■ **WHAT IS NEEDED**
From the listing below, output the lines between the one with "So Insider Preview" and the one with "In this lecture", including those two, and nothing else. Pictures are not copied.

■ **DATA**
————

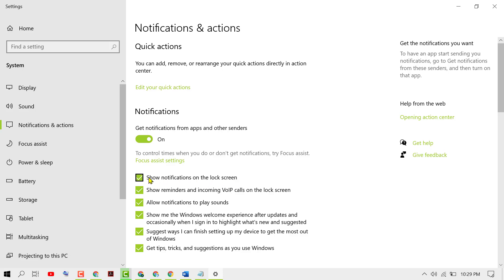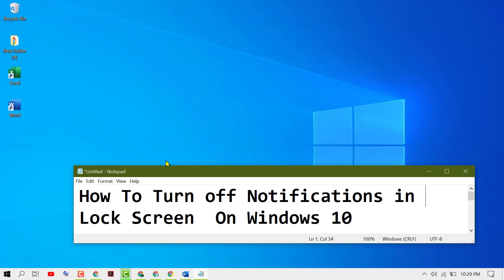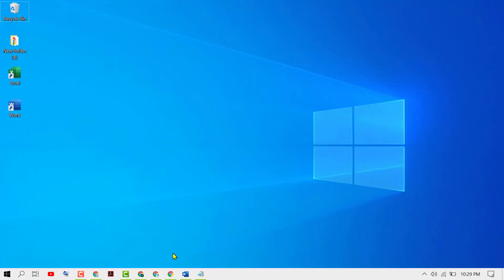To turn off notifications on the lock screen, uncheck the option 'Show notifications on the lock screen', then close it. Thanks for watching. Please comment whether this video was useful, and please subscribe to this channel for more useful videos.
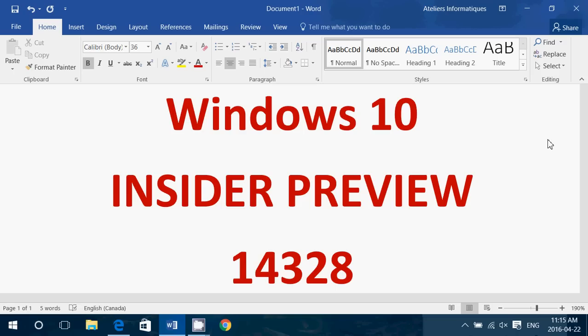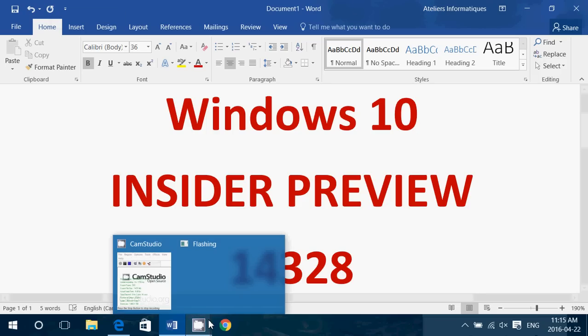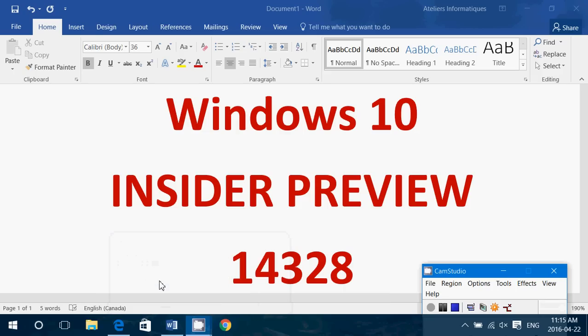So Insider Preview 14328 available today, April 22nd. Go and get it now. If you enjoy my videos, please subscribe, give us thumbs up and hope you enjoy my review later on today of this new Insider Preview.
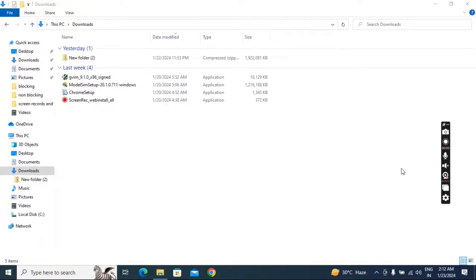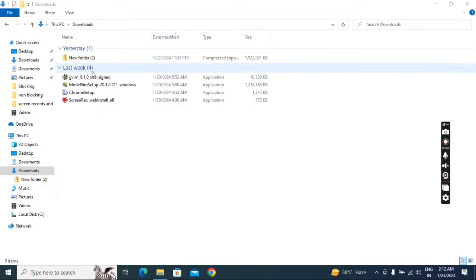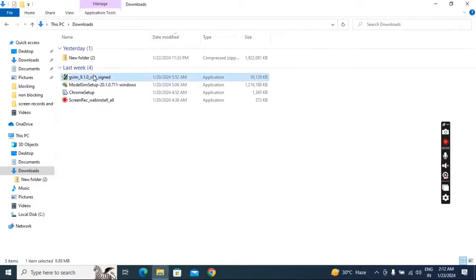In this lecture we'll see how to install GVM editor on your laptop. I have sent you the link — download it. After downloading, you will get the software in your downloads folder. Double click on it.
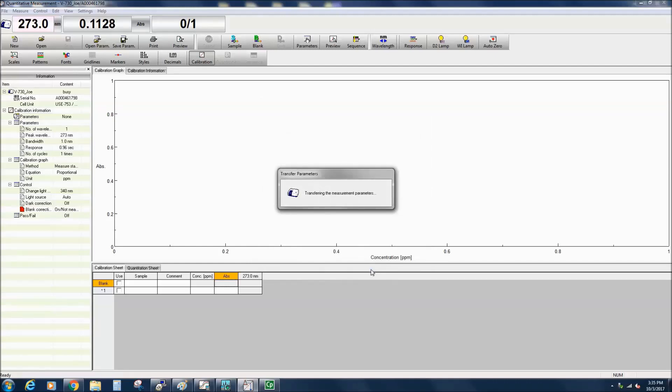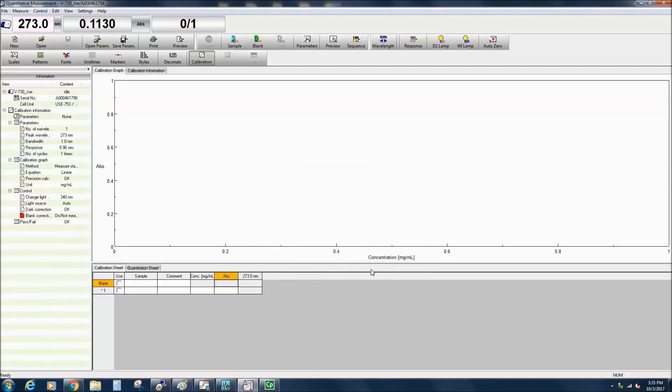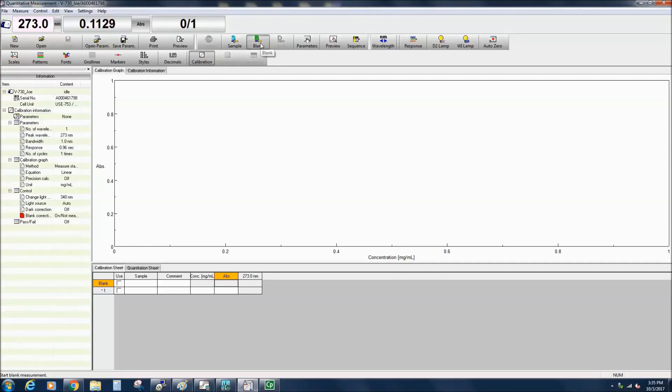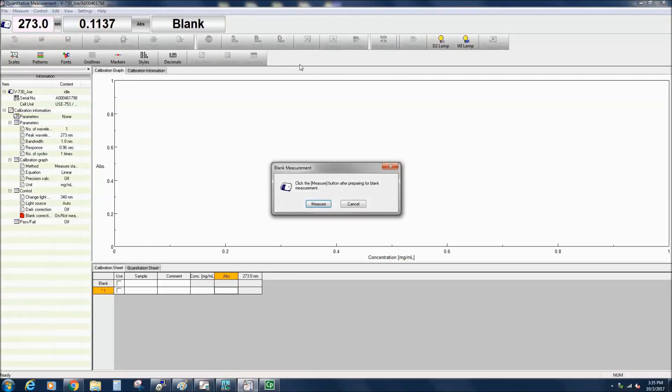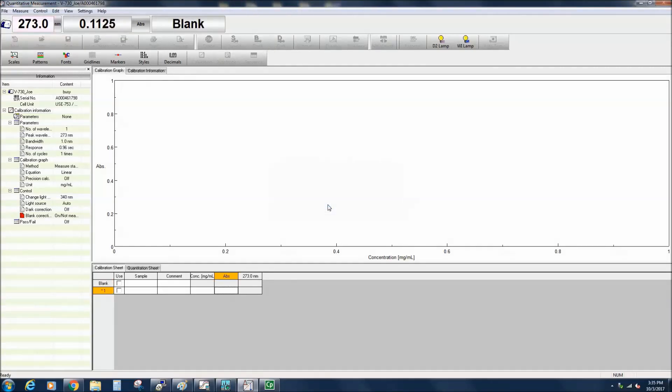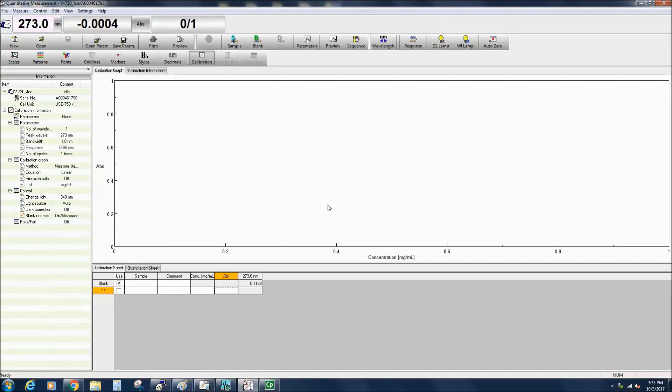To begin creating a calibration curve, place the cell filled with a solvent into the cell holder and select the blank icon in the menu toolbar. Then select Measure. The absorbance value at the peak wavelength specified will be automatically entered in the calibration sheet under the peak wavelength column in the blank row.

————

■ **EXERCISE RESULT**
So Insider Preview 14328 available today, April 22nd. Go and get it now. If you enjoy my videos, please subscribe, give us thumbs up and hope you enjoy my review later on today of this new Insider Preview.
In this lecture we'll see how to install GVM editor on your laptop. I have sent you the link — download it. After downloading, you will get the software in your downloads folder. Double click on it.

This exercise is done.